There ya go!! Awesome weekend at in the Pass, and I'm sure the helper was more than willing to help you out. I went and fished the surf at High Island today, it was pretty much a bust (hard fishing) being that some sort of vegetation and seaweed, not sargassum, was running pretty thick thru the guts. When I crossed over the pass, I could tell the current was ripping thru there.

Good job and nice pic's!


----------



## Garagedoorguy (Mar 9, 2011)

All pics are on fact different fish. 

Sent from my SAMSUNG-SGH-I997 using Tapatalk 2


----------



## SurfRunner (May 22, 2004)

very possible to get into the reds like that this time of year on the upper coast....Nice catch!


----------



## Jean Scurtu (Dec 6, 2011)

*"garagedoorguy"congrats for you catching!!![/B

I was fishing many time at Rollover Pass,but i never fish for red fish.I don't like to fish specials for red fish.I fish just with artificials for specks and flounder,but many time i was catching very nice red fish,one 40 inch 23lb. with 4lb.
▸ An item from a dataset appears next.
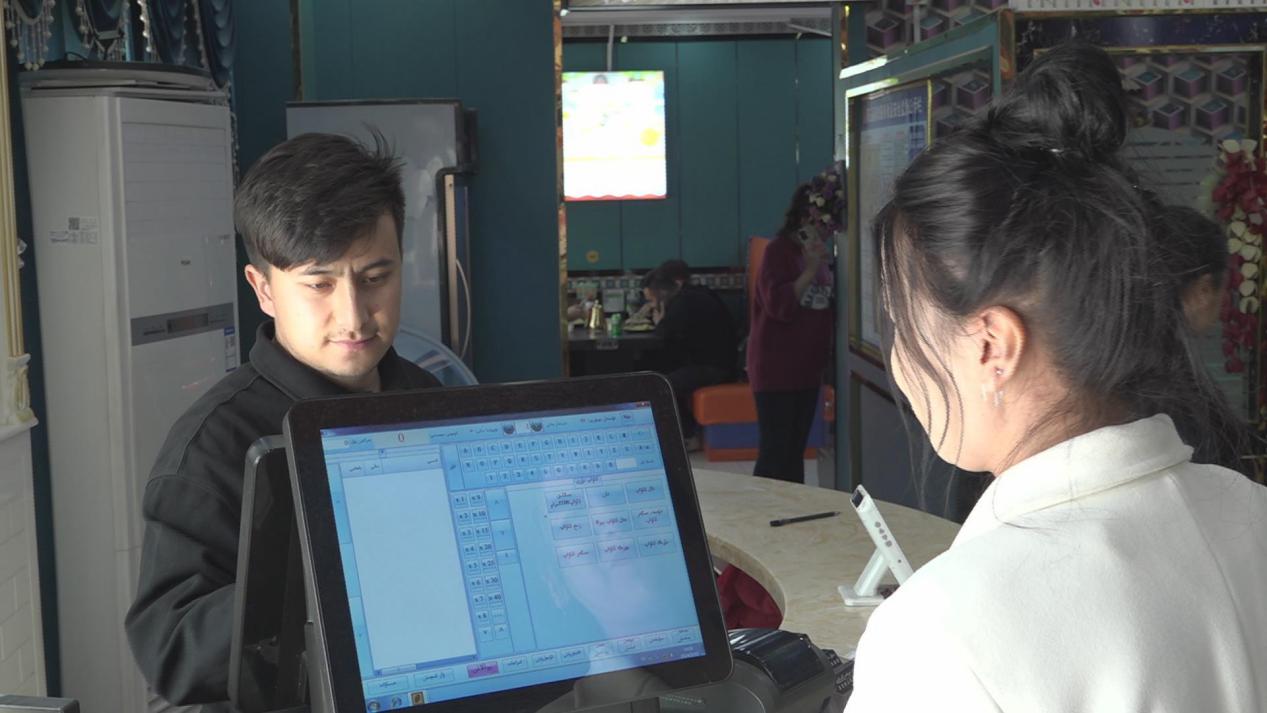 麦麦提艾则孜&middot;艾力正为客户服务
FIRELINE.
I saw many fishermen's catching at ROLLOVER PASS allot of red fish fishing with live finger mullet,live shrimp or cut bait.

One night,on 28 August 2008 i was trying to catch some specks under light,but one hour no bite ,no specks.After i was fishing with GULP MINNOW GRUB 3" one the bottom of channel and i start to have bite every cast ,catching red fish between 23-28 inch.One big school of red show up in my light and was biting and when my grub don't have a tail.
I was fishing about one hour keeping 3 red fish and i stop fishing because no specks so i was going to sleep in my car,because i was tire and no reason to fish more.
In the morning i take a picture with the fish.*


----------



## shadslinger (Aug 21, 2005)

Congrats on a super night of fishing!


----------



## Fishon21 (Jul 16, 2010)

*Rollover Pass*

Hey Guy's

Garagedoorguy failed to tell you we had a blast sat night with the flounder
we caught at lease 20 under sided and keeped 4 on gulp baits . there are
a lot of golden croakers being caught in the pass right now , so load up the kids they will have a blast.:ac1090:
Terry


----------